# wood foundation



## maderuyck (Jan 21, 2005)

anyone ever heard of a panelized wood foundation system? The only info I can find on them is from the company that installs it so they might be a little biased. 
minnesota mike


----------



## georgia dawg (Aug 12, 2005)

You can DIY. In fact, I built a small one to bump up a poured wall that was 3 ft below grade at one section (long story). I gathered all my documentation and ran it by the local building inspector first, though. In fact, I heard the Empire State Building is built on a permanent wood foundation. Check out www.southernpine.com and follow the "applications" link for more info. It's also explained in the 2003/2006 IRC, but you should always check with your local building official to be sure their on the same bandwagon/wavelength.

Hint: Don't cheat yourself when doing this. Be sure all your wood is treated/rated for below grade. It usually has a higher chemical content that regular p.t. wood. Although most of the wood was marked, I actually had to show receipts to the building inspector to verify this fact.


----------



## PHI (Feb 9, 2007)

For get it, unless your in a dry area. Pressure Treated lumber will rot over time, approx 10 years. Then you've got to deal with the pressure on the walls fom the exterior soil. Have you ever picked up a shovel of dirt. Well add that by every inch you go down


----------



## Dustball (Jul 7, 2006)

maderuyck said:


> anyone ever heard of a panelized wood foundation system? The only info I can find on them is from the company that installs it so they might be a little biased.
> minnesota mike


Are you talking about Woodmaster Foundations? If so, I talked to them at Glenbrook Lumber last summer and I was very interested in it. I did my research and the permanent wood foundations are used frequently in Canada and the northern climates. I don't see a downside to it.


----------



## concretemasonry (Dec 1, 2006)

There is one downside that has plagued the "All Weather Wood Foundation" system for over 30 years.

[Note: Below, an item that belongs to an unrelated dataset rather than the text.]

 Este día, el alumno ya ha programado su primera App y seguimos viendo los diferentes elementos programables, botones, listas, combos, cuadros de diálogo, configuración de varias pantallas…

Wood, when loaded, especial with high moisture contents, has a long term, or possibly permanent deformation or creep. The wall may be strong enough, but it does continue to deform. Excavate the soil behind it, and it does not return to being straight unless you apply an opposite force and are willing to wait a few years to backfill.

This deformation also adds to the stresses in the wood since you end up applying a vertical load (weight of the house, etc.) to a non-straight piece of wood. We all knows what happens when you apply a load to a crooked column. These additional stresses contibute to further bending of the walls. Often, this also causes the top of the foundation to deflect inward and separate from the house, which fortunately minimizes the damage to the house.

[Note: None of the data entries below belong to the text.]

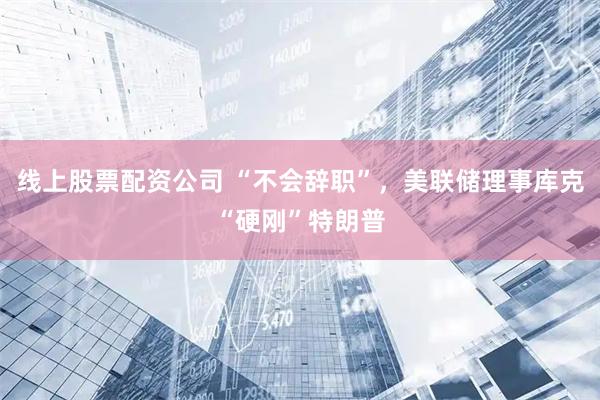 线上股票配资公司 “不会辞职”，美联储理事库克“硬刚”特朗普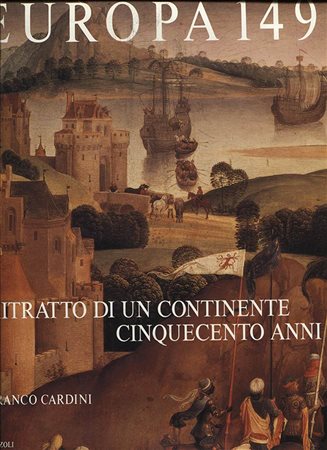 CARDINI  F. – EUROPA 1492. Ritratto di un continente cinquecento anni fa.  Milano, 1989. Pp.  237, tavv. e ill nel testo. ril. ed. buono stato.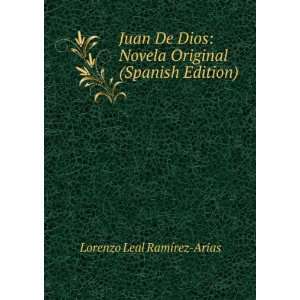  Juan De Dios Novela Original (Spanish Edition) Lorenzo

On projects I have seen, if this deformation occurs, the only successful method of repairing and straightening the wall is excavation, pushing out the basement wall to straighten everything. After that, permanent shear walls were built inside the basement, perpendicular to the exterior basement walls so backfilling can take place.

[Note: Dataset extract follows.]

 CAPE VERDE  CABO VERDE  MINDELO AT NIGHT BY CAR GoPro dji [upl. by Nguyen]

This is ready not a "stress" structural problem, but a deformation problem due to the deflection when the basement is subject to high lateral loads.

The system is an engineered system and requires everything to be exactly as planned and assumed. Unfortunately, this does not alway occur in the real world when when you are dealing with organic materials (wood), soil and moisture. A minor drainage problem and wet soil can overload the walls causing unanticipated deflection.

The problem is a material and site problem that panelization does not address or solve. Rot or deterioration is a totally different subject.


----------



## woodmagman (Feb 17, 2007)

*Panelized is built of sit or on site.*



maderuyck said:


> anyone ever heard of a panelized wood foundation system? The only info I can find on them is from the company that installs it so they might be a little biased.
> minnesota mike


You panelize a wood frame structure if you build them prior to erection. If you build the foundation in an erect state the wall is not panelized.


----------



## Rollo (Mar 8, 2007)

The advantage of an AWWF is speed. You can have it up in a day, rather than the poured foundation process which takes over a week, including cure time, before you can backfill.

Check out Superior Wall. Same idea, but done in concrete.


----------